=== Begin Enclosure ===
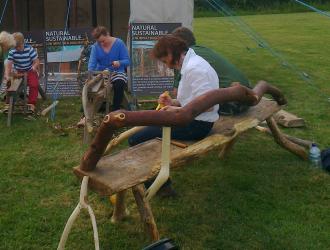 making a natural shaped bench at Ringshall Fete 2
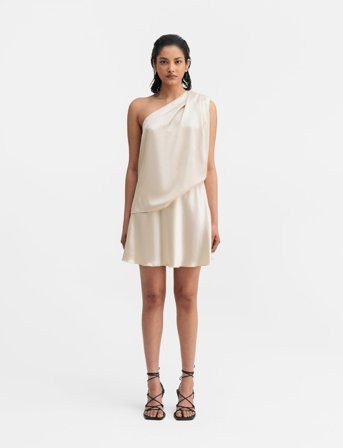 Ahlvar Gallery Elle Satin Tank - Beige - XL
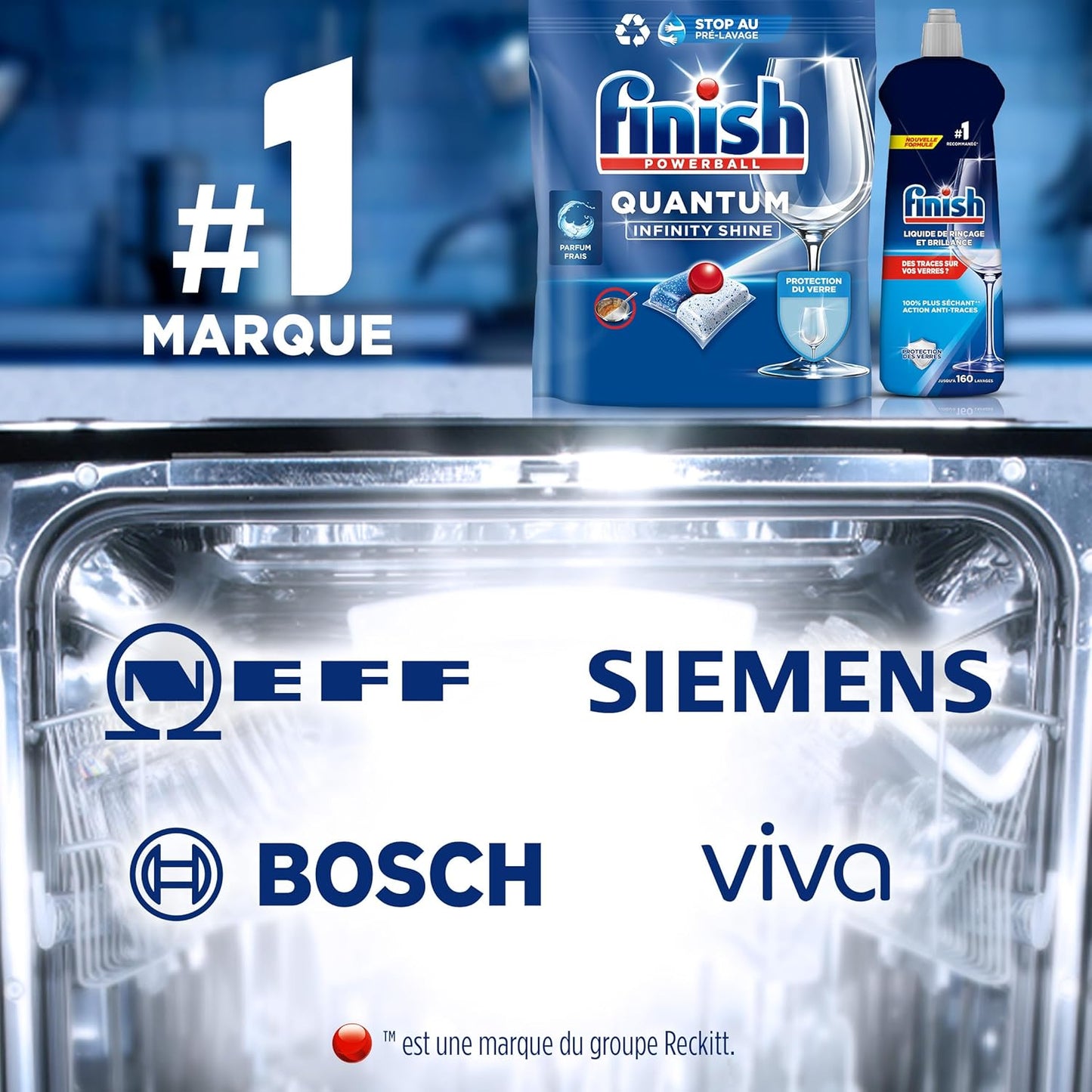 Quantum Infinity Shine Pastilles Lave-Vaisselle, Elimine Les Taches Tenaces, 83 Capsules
=== End Enclosure ===
=== Begin Enclosure ===
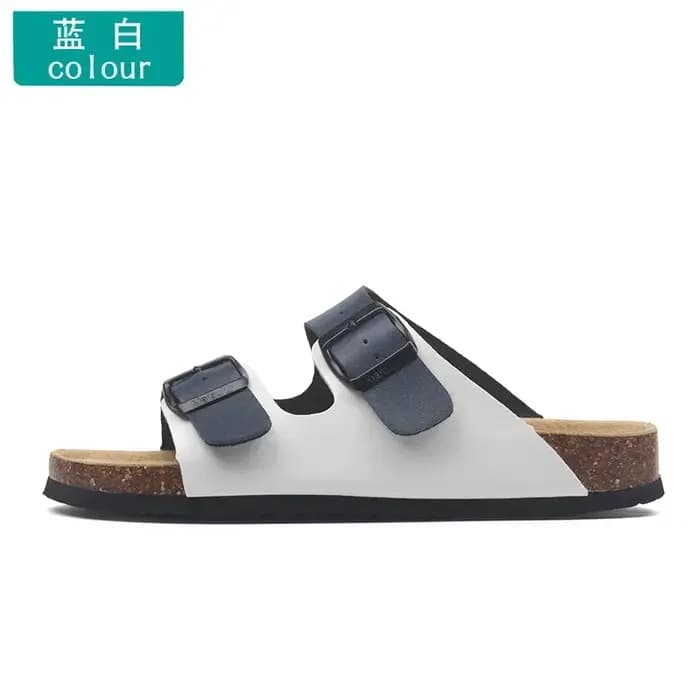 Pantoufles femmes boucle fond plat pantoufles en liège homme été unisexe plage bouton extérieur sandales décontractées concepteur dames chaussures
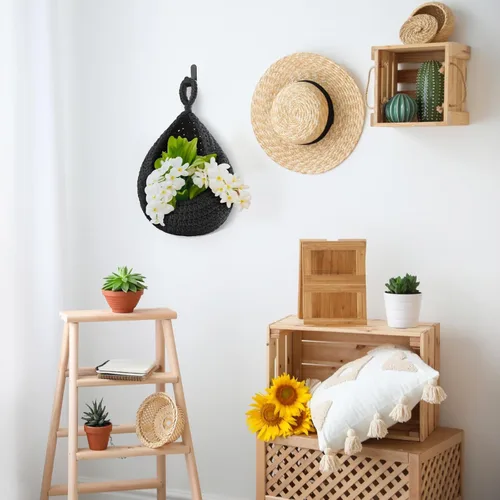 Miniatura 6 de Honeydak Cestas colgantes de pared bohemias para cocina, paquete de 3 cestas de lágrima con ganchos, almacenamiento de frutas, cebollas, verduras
=== End Enclosure ===
Copy the lines above exactly, starting with the line that contains "Pantoufles femmes boucle" and ending with the line that contains "Miniatura 6 de", and leave out any pictures.

* **Your response**
 Pantoufles femmes boucle fond plat pantoufles en liège homme été unisexe plage bouton extérieur sandales décontractées concepteur dames chaussures
 Miniatura 6 de Honeydak Cestas colgantes de pared bohemias para cocina, paquete de 3 cestas de lágrima con ganchos, almacenamiento de frutas, cebollas, verduras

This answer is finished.